(Saved entries)
━━━━━━━━
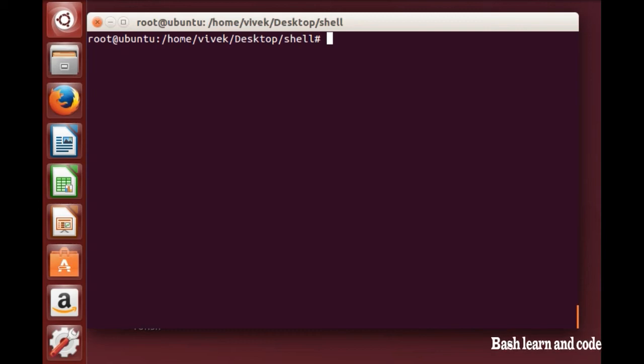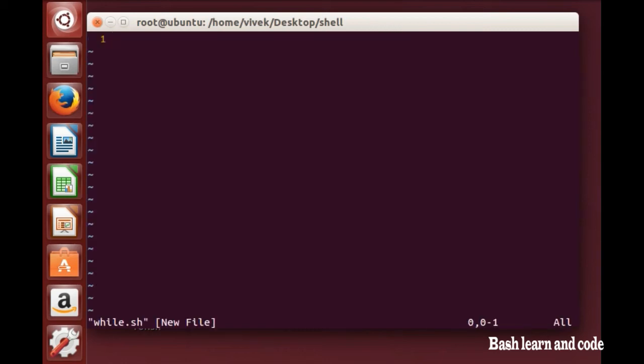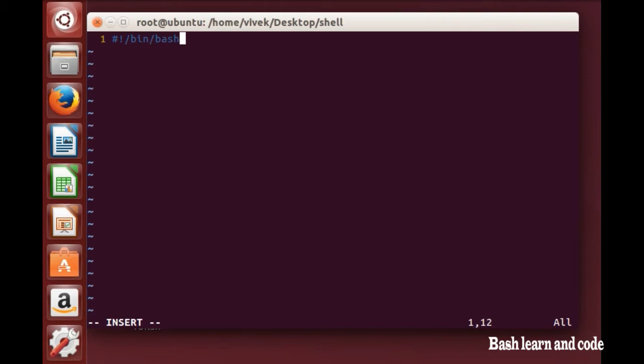Hi friends, welcome to shell scripting tutorial. In this tutorial we will learn about while loop, so let's start. I'm going to create one file named while.sh and write the first line shebang line, and I'm going to declare one variable.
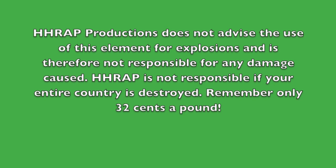HHRAP Productions does not advise the use of this element for explosions and is therefore not responsible for any damage caused. HHRAP is not responsible if your entire country is destroyed. Remember, only 32 cents a pound.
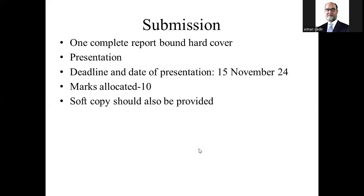You have to submit one complete report with a hard box cover. You also have to do a presentation. The submission date has been fixed as 15 November 2024. Marks are allotted and students should also provide a soft copy.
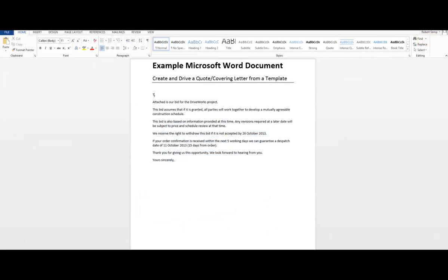This is a video on how to create and derive a Word document from a template within DriveWorks Pro. The document type is used to export data directly into a Word document from the DriveWorks project. DriveWorks can attach to and extract bookmarks in a Microsoft Word document which can then be driven using rules.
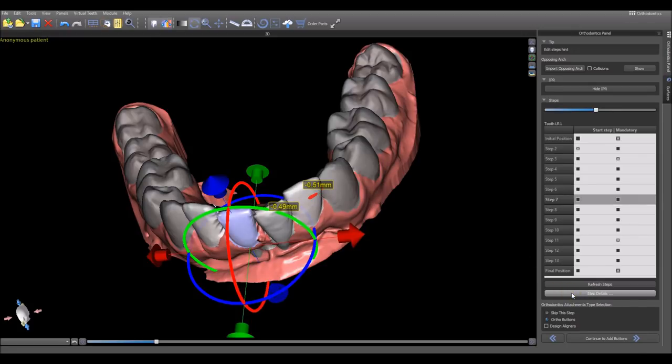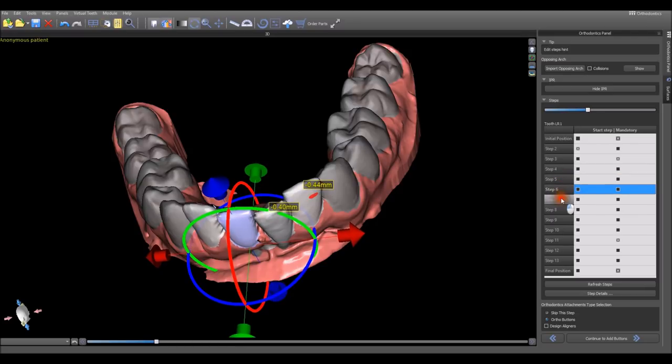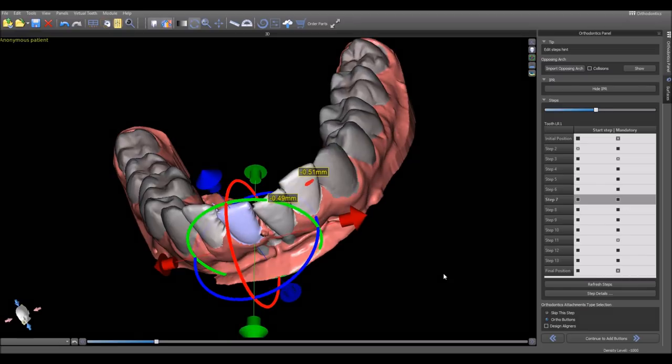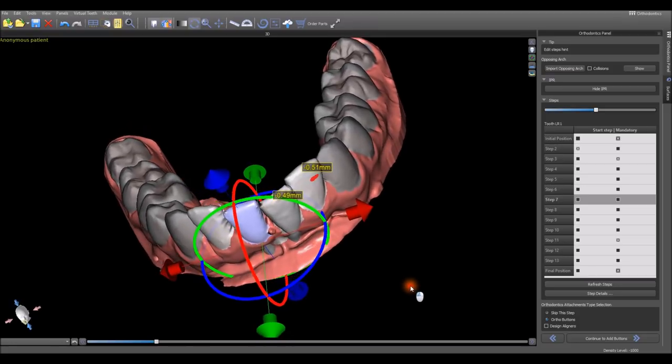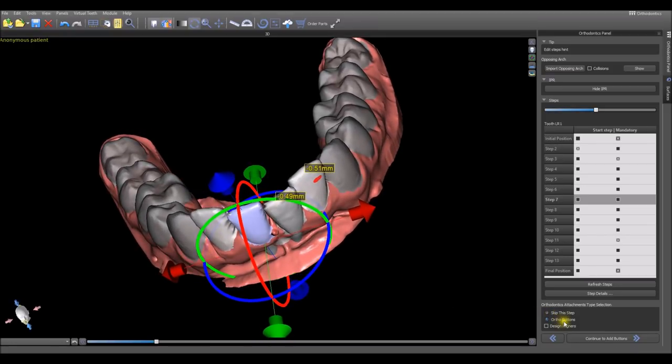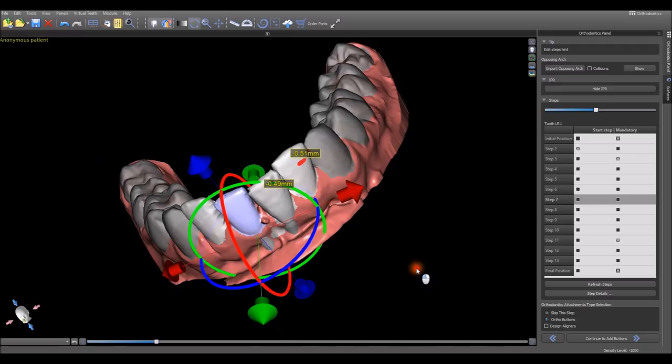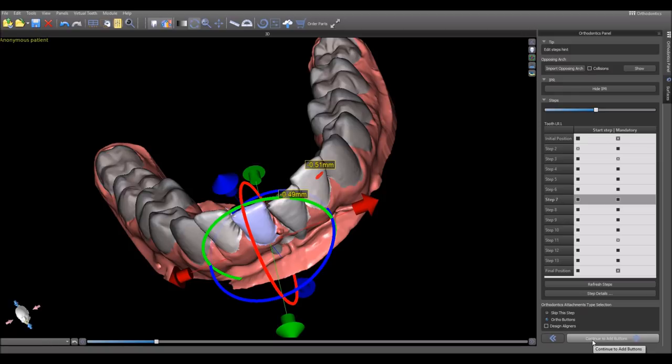The step details button will show us for any given step that we click on what the tooth movement is for each of the relevant teeth. We can now indicate to the software if we're going to be adding button attachments to the case and if we're going to be designing aligners directly in the software. Currently, I don't believe there's printing material that can be used to print aligners directly, but we're getting closer. We're going to click ortho buttons and continue to add buttons.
━━━━━━━━
_Aim of the task_: Write out exactly, and only, the lines running from the line with "This is a video" to the last line above, both included, with all pictures omitted.

_Response area_:
This is a video on how to create and derive a Word document from a template within DriveWorks Pro. The document type is used to export data directly into a Word document from the DriveWorks project. DriveWorks can attach to and extract bookmarks in a Microsoft Word document which can then be driven using rules.
The step details button will show us for any given step that we click on what the tooth movement is for each of the relevant teeth. We can now indicate to the software if we're going to be adding button attachments to the case and if we're going to be designing aligners directly in the software. Currently, I don't believe there's printing material that can be used to print aligners directly, but we're getting closer. We're going to click ortho buttons and continue to add buttons.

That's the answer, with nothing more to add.